Exercise prompt: Nothing but the lines from the one with "Libra Store Pensil Cute satu set isi 6 pcs" down to the one with "Supermarine Sea Otter" should be returned, exactly and with both ends included, from the material below.

Recorded data:
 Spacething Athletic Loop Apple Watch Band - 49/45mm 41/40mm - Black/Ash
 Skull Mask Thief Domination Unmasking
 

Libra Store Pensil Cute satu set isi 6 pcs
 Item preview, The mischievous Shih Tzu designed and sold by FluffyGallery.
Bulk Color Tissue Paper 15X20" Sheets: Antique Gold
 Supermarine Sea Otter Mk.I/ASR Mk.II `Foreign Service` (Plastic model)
...
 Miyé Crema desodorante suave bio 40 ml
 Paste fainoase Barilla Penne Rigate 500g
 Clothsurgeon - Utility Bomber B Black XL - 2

Solved problem:
Libra Store Pensil Cute satu set isi 6 pcs
 Item preview, The mischievous Shih Tzu designed and sold by FluffyGallery.
Bulk Color Tissue Paper 15X20" Sheets: Antique Gold
 Supermarine Sea Otter Mk.I/ASR Mk.II `Foreign Service` (Plastic model)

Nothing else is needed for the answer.